The statistical analysis produces a score-based likelihood ratio (SLR). An SLR greater than one, indicates that the evidence supports Hp over Hd, and the larger the SLR, the stronger the support. An SLR less than one, indicates that the evidence supports Hd over Hp, and the closer the SLR is to zero, the stronger the support.

Quick Start

Installation

HandwriterRF requires R and RStudio IDE.

  • Install R from POSIT
  • Install RStudio IDE from POSIT

Install the handwriterRF R package. Open RStudio, navigate to the console window, and type

install.packages("handwriterRF")

Compare Two Handwriting Samples

Calculate a Score-base Likelihood Ratio

Open RStudio, navigate to the console window, and load handwriterRF.

library(handwriterRF)

The package includes 4 example handwriting samples from the CSAFE Handwriting Database. Compare 2 of these samples. In this case, both samples are from writer 30.

sample1 <- system.file(file.path("extdata", "w0030_s01_pWOZ_r01.png"), package = "handwriterRF")
sample2 <- system.file(file.path("extdata", "w0030_s01_pWOZ_r02.png"), package = "handwriterRF")
slr <- calculate_slr(sample1, sample2)

If you would like to use your own handwriting samples, scan and save them as PNG images.

sample1 <- "path/to/your_sample1.png"
sample2 <- "path/to/your_sample2.png"
slr <- calculate_slr(sample1, sample2)

The result is a data frame:

  • sample1_path is the file path of the first sample.
  • sample2_path is the file path of the second sample.
  • docname1 is the file name of the first sample.
  • docname2 is the file name of the second sample.
  • score is the similarity score between the two samples.
  • numerator is the numerator value of the score-based likelihood ratio.

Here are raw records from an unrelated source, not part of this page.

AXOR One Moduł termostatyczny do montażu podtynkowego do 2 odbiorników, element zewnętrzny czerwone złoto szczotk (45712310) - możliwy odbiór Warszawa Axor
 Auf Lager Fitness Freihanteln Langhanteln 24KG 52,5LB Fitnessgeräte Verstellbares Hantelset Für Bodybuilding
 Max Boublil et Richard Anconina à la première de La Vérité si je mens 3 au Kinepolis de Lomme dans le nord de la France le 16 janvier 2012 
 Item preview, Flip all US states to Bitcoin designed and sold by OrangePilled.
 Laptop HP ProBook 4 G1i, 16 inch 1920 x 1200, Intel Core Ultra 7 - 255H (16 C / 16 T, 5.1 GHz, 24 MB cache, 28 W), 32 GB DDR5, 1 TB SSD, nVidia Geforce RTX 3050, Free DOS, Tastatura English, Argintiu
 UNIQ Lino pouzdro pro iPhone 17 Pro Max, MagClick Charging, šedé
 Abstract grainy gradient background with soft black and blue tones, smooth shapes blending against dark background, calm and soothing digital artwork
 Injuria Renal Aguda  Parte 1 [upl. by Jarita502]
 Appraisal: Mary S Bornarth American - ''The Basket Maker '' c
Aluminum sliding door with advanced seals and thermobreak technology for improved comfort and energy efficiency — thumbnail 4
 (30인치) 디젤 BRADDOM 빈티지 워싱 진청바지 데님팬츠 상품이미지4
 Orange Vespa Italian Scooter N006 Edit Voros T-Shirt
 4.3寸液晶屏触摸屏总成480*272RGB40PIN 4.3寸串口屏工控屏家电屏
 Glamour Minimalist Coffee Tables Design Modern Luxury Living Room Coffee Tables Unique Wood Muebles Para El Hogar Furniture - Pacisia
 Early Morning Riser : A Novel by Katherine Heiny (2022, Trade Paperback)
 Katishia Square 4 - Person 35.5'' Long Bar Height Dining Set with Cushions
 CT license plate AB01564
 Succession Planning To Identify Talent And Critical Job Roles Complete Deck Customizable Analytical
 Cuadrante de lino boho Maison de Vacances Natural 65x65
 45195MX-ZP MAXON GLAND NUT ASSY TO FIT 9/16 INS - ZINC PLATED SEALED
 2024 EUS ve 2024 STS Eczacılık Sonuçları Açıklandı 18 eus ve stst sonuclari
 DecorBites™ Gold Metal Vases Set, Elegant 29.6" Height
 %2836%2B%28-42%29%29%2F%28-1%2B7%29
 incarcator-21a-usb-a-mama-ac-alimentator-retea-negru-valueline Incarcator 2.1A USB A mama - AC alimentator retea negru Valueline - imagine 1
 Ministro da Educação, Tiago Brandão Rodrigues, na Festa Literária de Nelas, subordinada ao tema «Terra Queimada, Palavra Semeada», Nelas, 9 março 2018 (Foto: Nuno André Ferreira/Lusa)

Intuitively, the larger the value the more the similarity score looks like the reference ‘same writer’ similarity scores.
  • denominator is the denominator value of the score-based likelihood ratio. Intuitively, the larger the value the more the similarity score looks like the reference ‘different writers’ similarity scores.
  • slr is a score-based likelihood ratio that quantifies the strength of evidence in favor of ‘same writer’ or ‘different writer.’

Display the slr data frame. We hide the file path columns here so that the data frame fits on this page.

slr %>% dplyr::select(-sample1_path, -sample2_path)
                docname1               docname2 score numerator denominator
1 w0030_s01_pWOZ_r01.png w0030_s01_pWOZ_r02.png  0.87 0.4582274       1e-10
         slr
1 4582274302

Interpret the Score-base Likelihood Ratio

View a verbal interpretation of the score-based likelihood ratio.

interpret_slr(slr)
[1] "A score-based likelihood ratio of 4,582,274,302 means the likelihood of observing a similarity score of 0.87 if the documents were written by the same person is 4,582,274,302 times greater than the likelihood of observing this score if the documents were written by different writers."